[[ Given entries open ]]

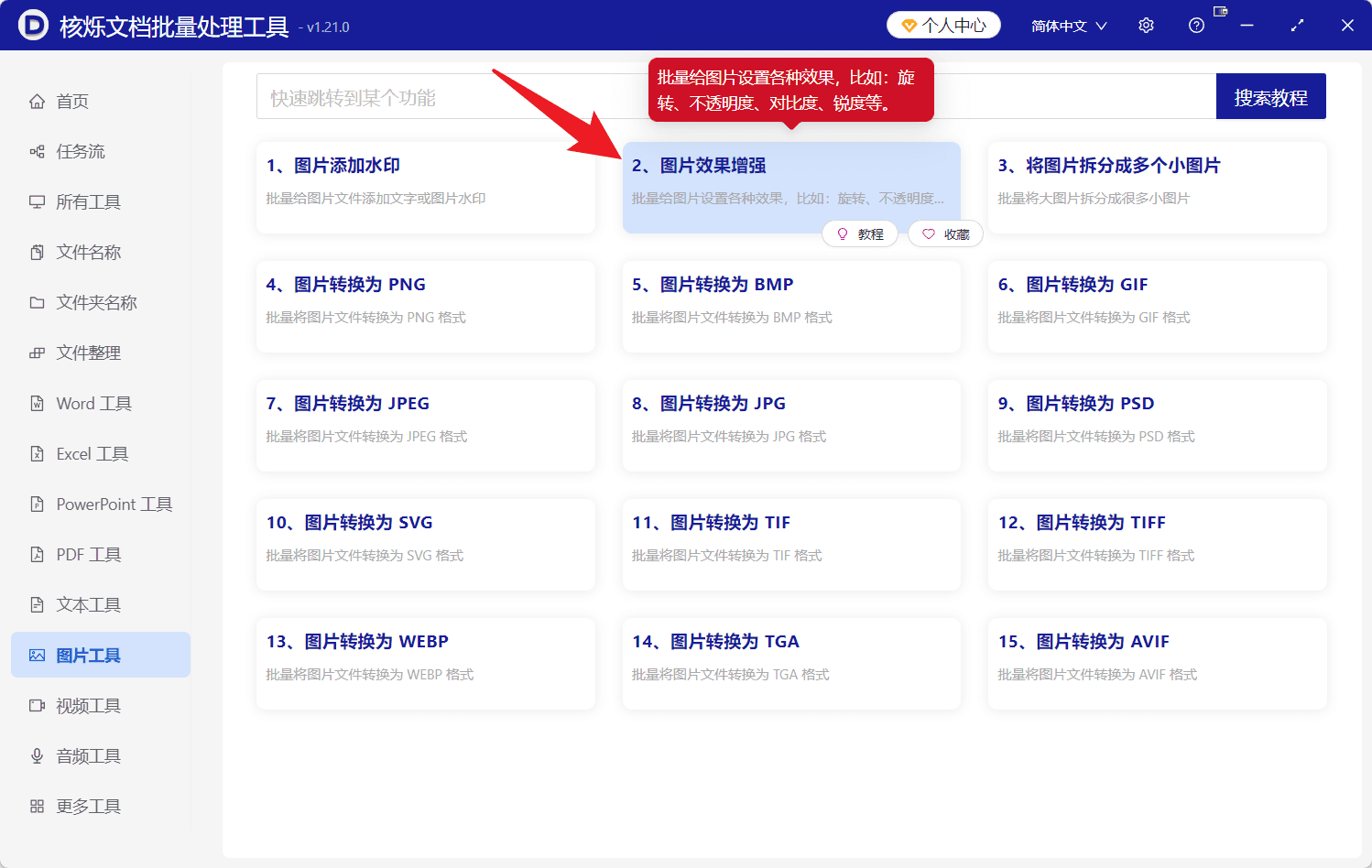 image-批量裁剪图片白边或黑边,自动裁边图片,删除图片空白区域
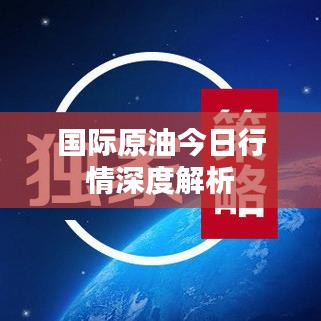 国际原油今日行情深度解析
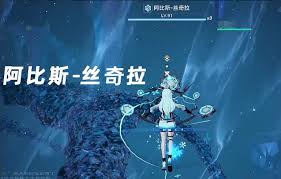 幻塔丝奇拉怎么打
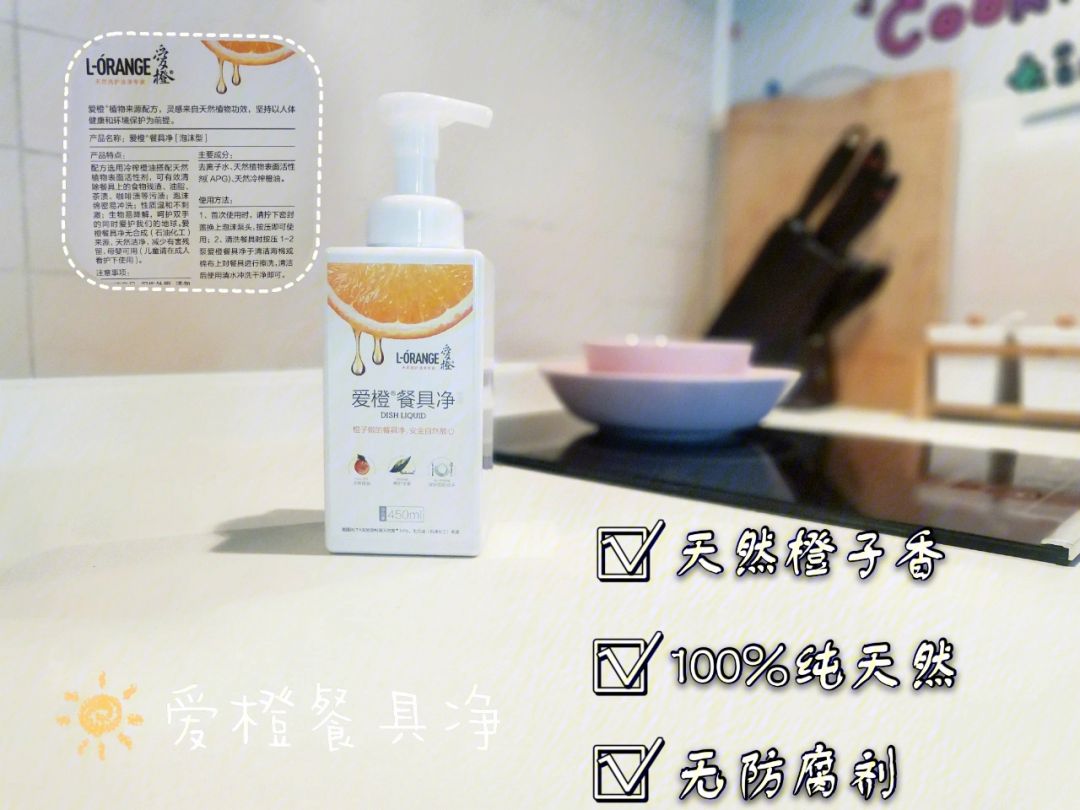 橙信宝是正规平台吗(橙信企业服务有限公司)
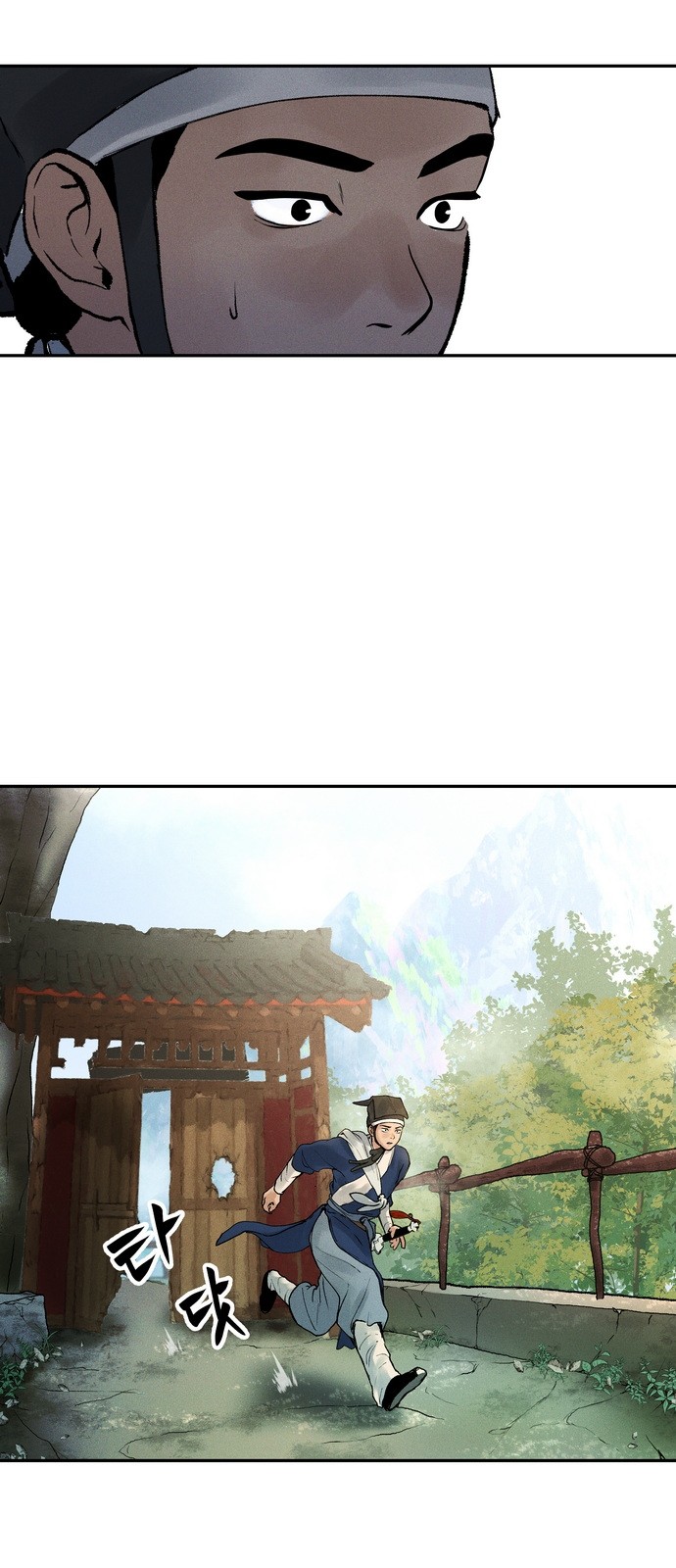 71 페이지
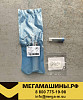 Ремкомплект форсунки топливной 0445120153 /F00RJ01692 + 0433172107 + F00VC99002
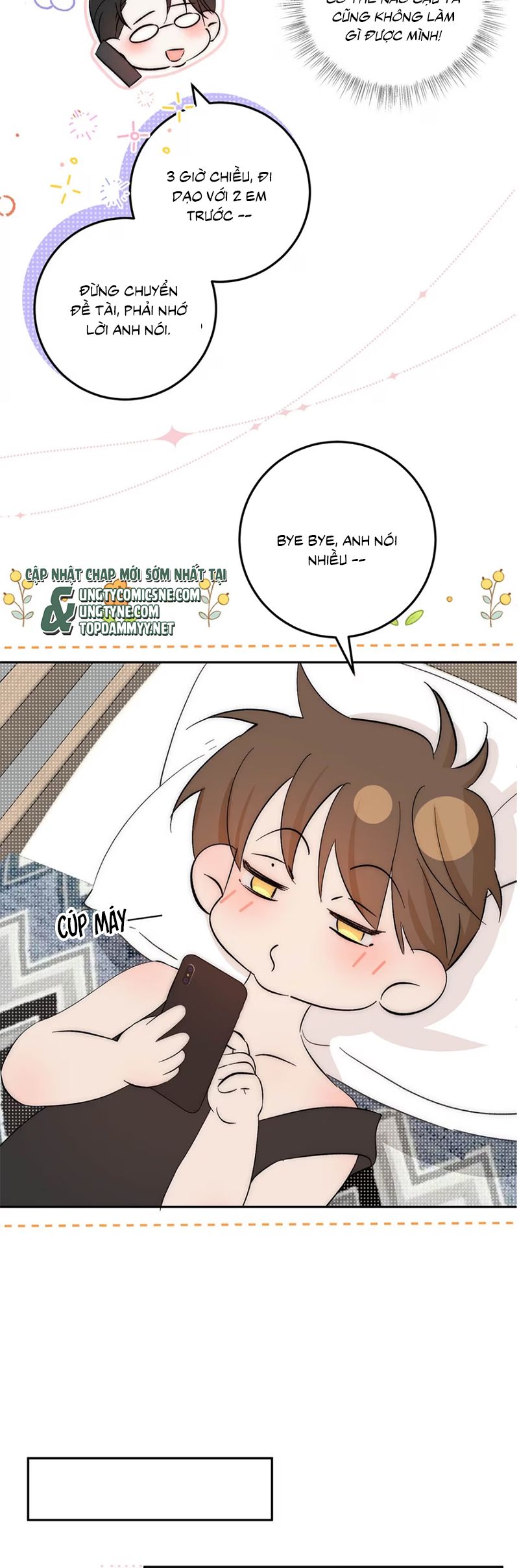 Mỗi Ngày Đều Muốn Làm Bệnh Kiều Vương Tử Xấu hổ Muốn Độn Thổ Chapter 10 - Trang 5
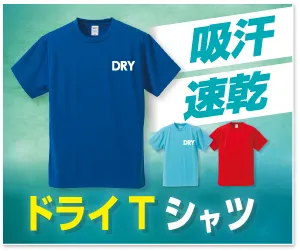 ドライTシャツプリント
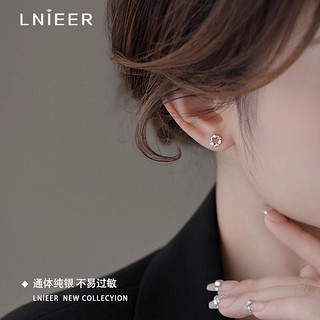 Lnieer 925纯银花环耳钉锆石冷淡风耳环女2024新款小巧花朵夏季气质耳饰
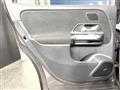 2023 Mercedes-Benz Mercedes-Benz Others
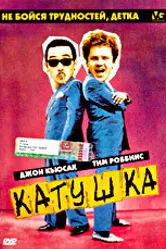Катушка 1987 постер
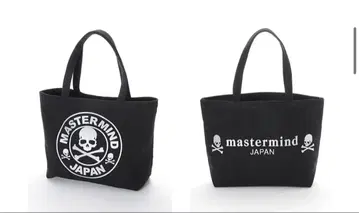 mastermind JAPAN 미니 토트백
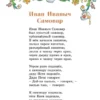 Даниил Хармс: Иван Иваныч Самовар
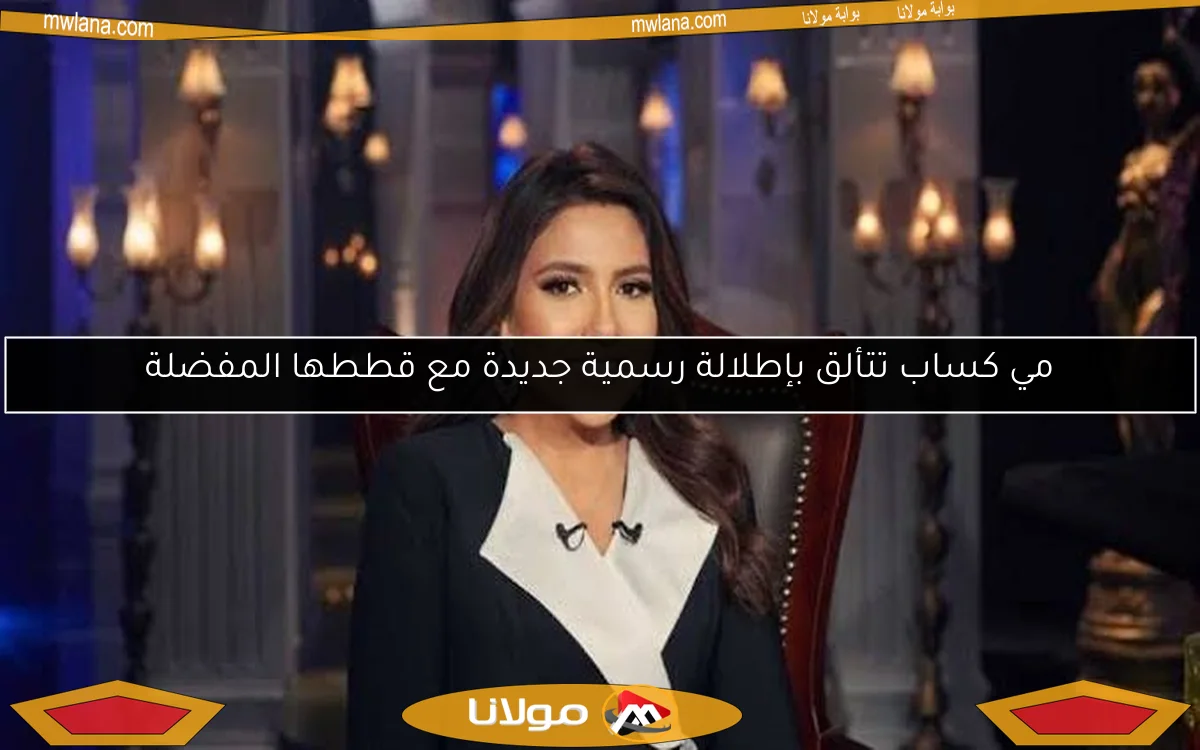 مي كساب تتألق بإطلالة رسمية جديدة مع قططها المفضلة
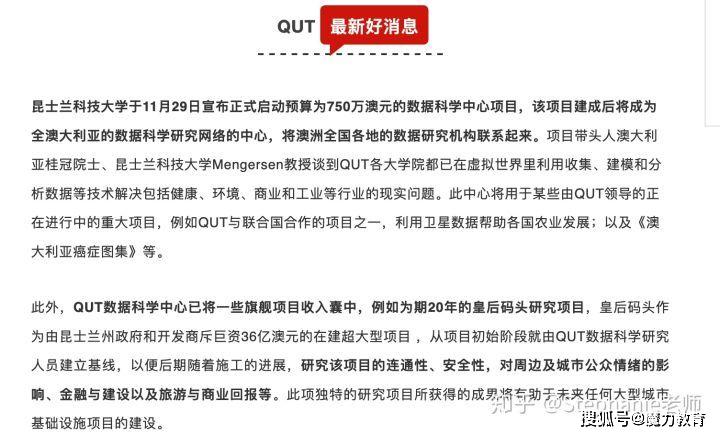 新澳准资料免费提供,科学分析解释说明_奢华版26.684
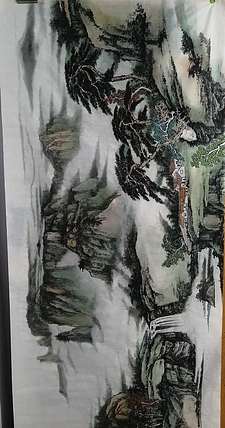 付玉林 江山如画
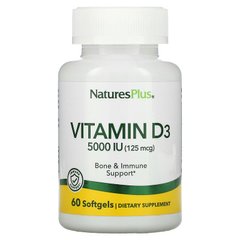 Nature's Plus, витамин D3, 125 мкг (5000 МЕ), 60 мягких желатиновых капсул (NAP-01047), фото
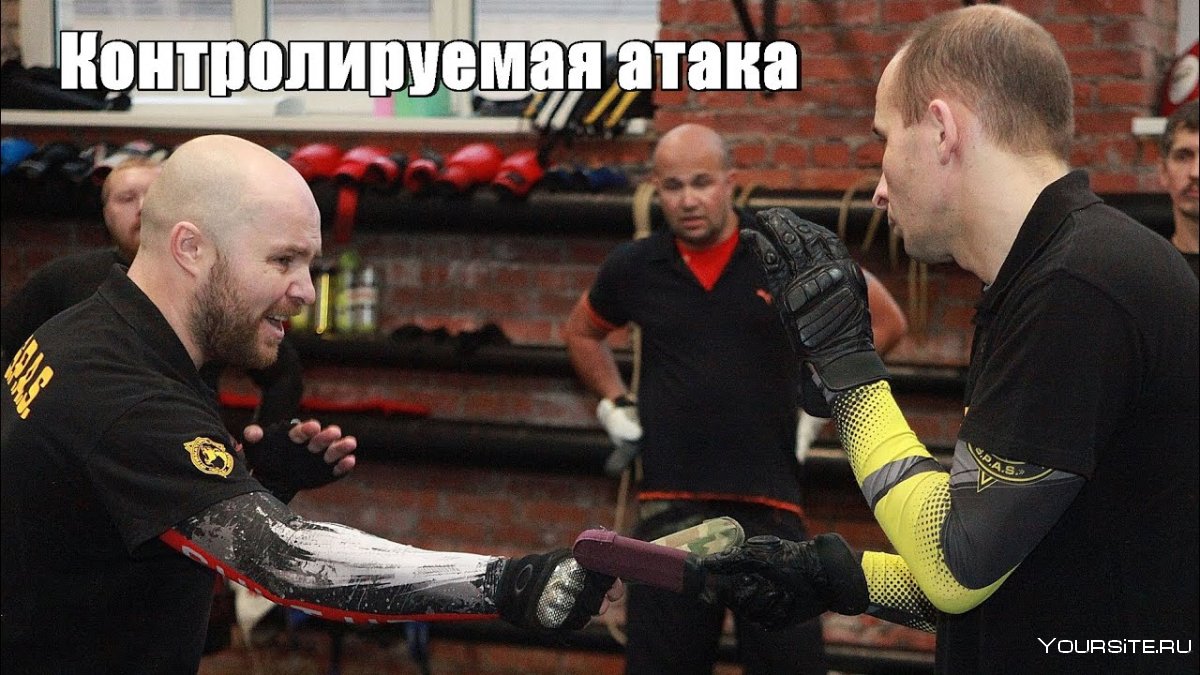 Русский ножевой бой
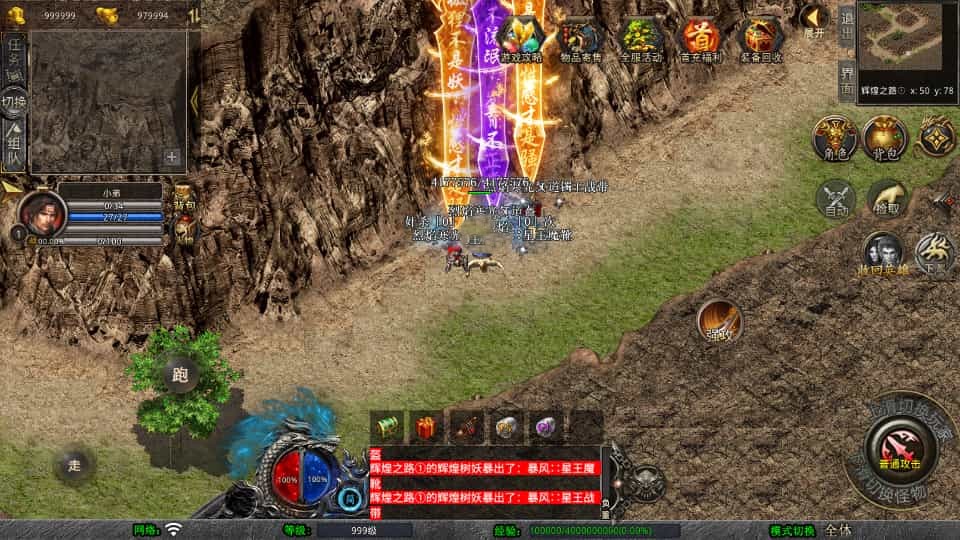 XO三端引擎传奇手游【1.80舞动合击】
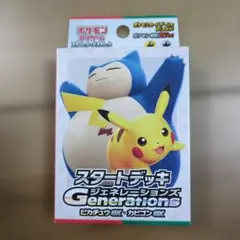 ポケモンカード スタートデッキ ジェネレーションズ ピカチュウex・カビゴンex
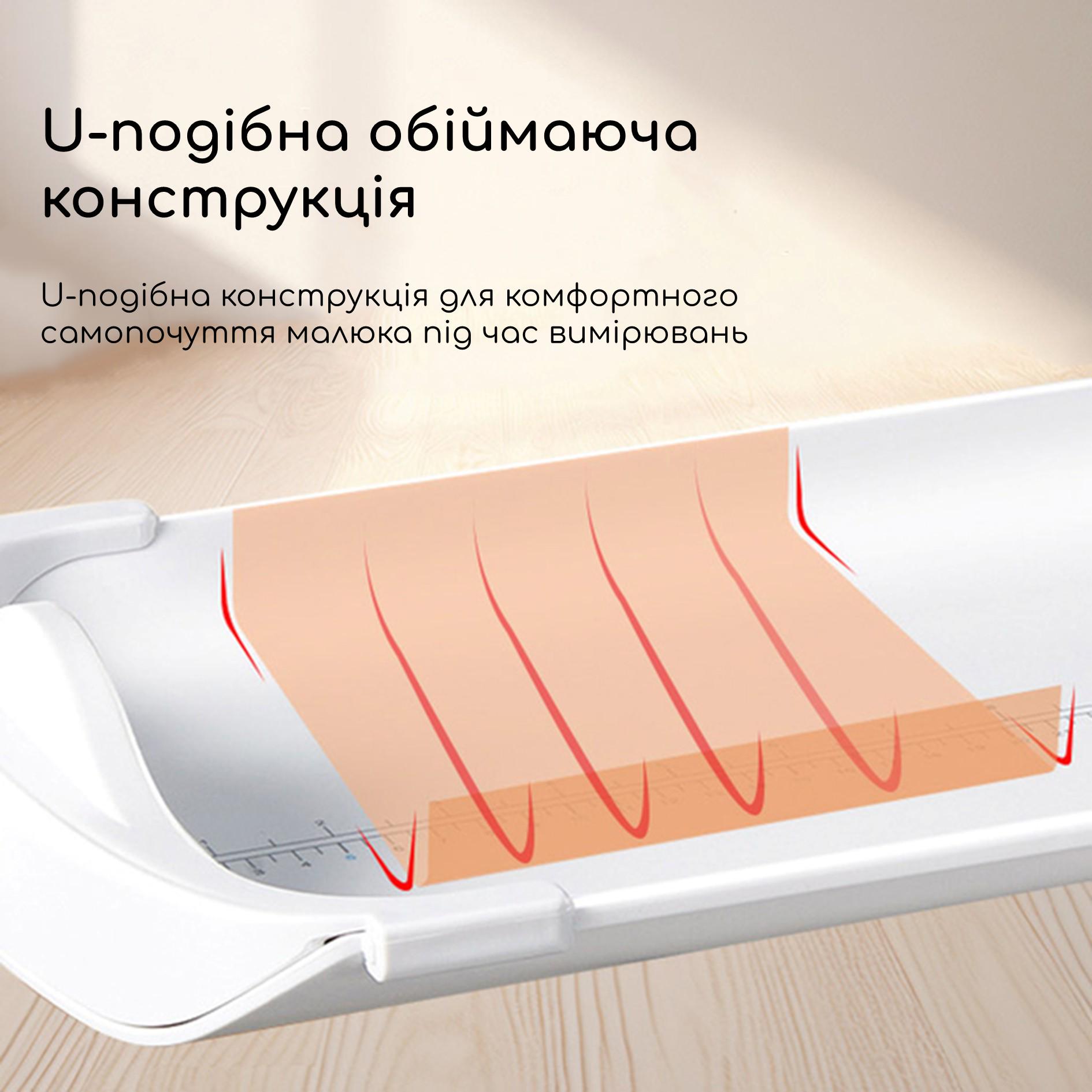 Электронные весы-ростомер Swan Baby для новорожденных детей и взрослых до 120 кг с дисплеем Белый - фото 6 Электронные весы-ростомер Swan Baby для новорожденных детей и взрослых до 120 кг с дисплеем Белый - фото 6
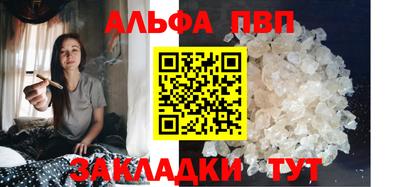 ALPHA PVP Комсомольск-на-Амуре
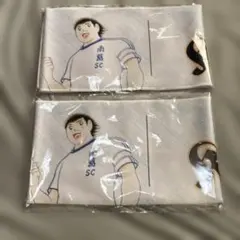 南葛SC キャプテン翼　タオルマフラー　2枚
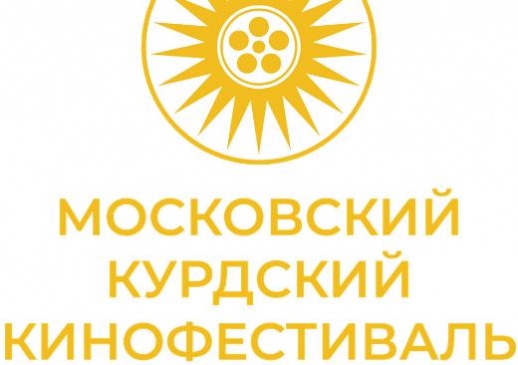 В Петербурге пройдет первый Международный Курдский Кинофестиваль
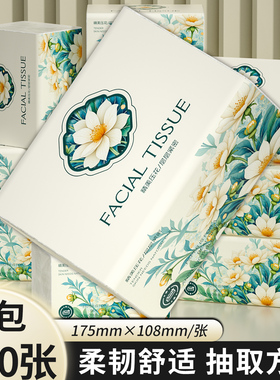 家用抽纸30大包卫生纸加量加厚餐巾纸整箱批发擦手纸实惠装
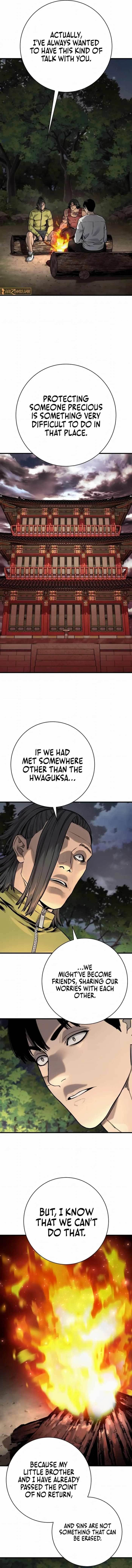 Killer Cop Chapter 107 - Page 8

[[ Given entries closed ]]

* Directions for this task: The finished copy should match the data above word for word and contain no pictures.

* Answer:
 image-批量裁剪图片白边或黑边,自动裁边图片,删除图片空白区域
 国际原油今日行情深度解析
 幻塔丝奇拉怎么打
 橙信宝是正规平台吗(橙信企业服务有限公司)
 71 페이지
 Ремкомплект форсунки топливной 0445120153 /F00RJ01692 + 0433172107 + F00VC99002
 Mỗi Ngày Đều Muốn Làm Bệnh Kiều Vương Tử Xấu hổ Muốn Độn Thổ Chapter 10 - Trang 5
 ドライTシャツプリント
 Lnieer 925纯银花环耳钉锆石冷淡风耳环女2024新款小巧花朵夏季气质耳饰
 2023 Mercedes-Benz Mercedes-Benz Others
Катушка 1987 постер
 mastermind JAPAN 미니 토트백
 Даниил Хармс: Иван Иваныч Самовар
 مي كساب تتألق بإطلالة رسمية جديدة مع قططها المفضلة
 新澳准资料免费提供,科学分析解释说明_奢华版26.684
 付玉林 江山如画
 Nature's Plus, витамин D3, 125 мкг (5000 МЕ), 60 мягких желатиновых капсул (NAP-01047), фото
 Русский ножевой бой
 XO三端引擎传奇手游【1.80舞动合击】
 ポケモンカード スタートデッキ ジェネレーションズ ピカチュウex・カビゴンex
 Электронные весы-ростомер Swan Baby для новорожденных детей и взрослых до 120 кг с дисплеем Белый - фото 6 Электронные весы-ростомер Swan Baby для новорожденных детей и взрослых до 120 кг с дисплеем Белый - фото 6
 ALPHA PVP Комсомольск-на-Амуре
 南葛SC キャプテン翼　タオルマフラー　2枚
 В Петербурге пройдет первый Международный Курдский Кинофестиваль
 家用抽纸30大包卫生纸加量加厚餐巾纸整箱批发擦手纸实惠装
 Killer Cop Chapter 107 - Page 8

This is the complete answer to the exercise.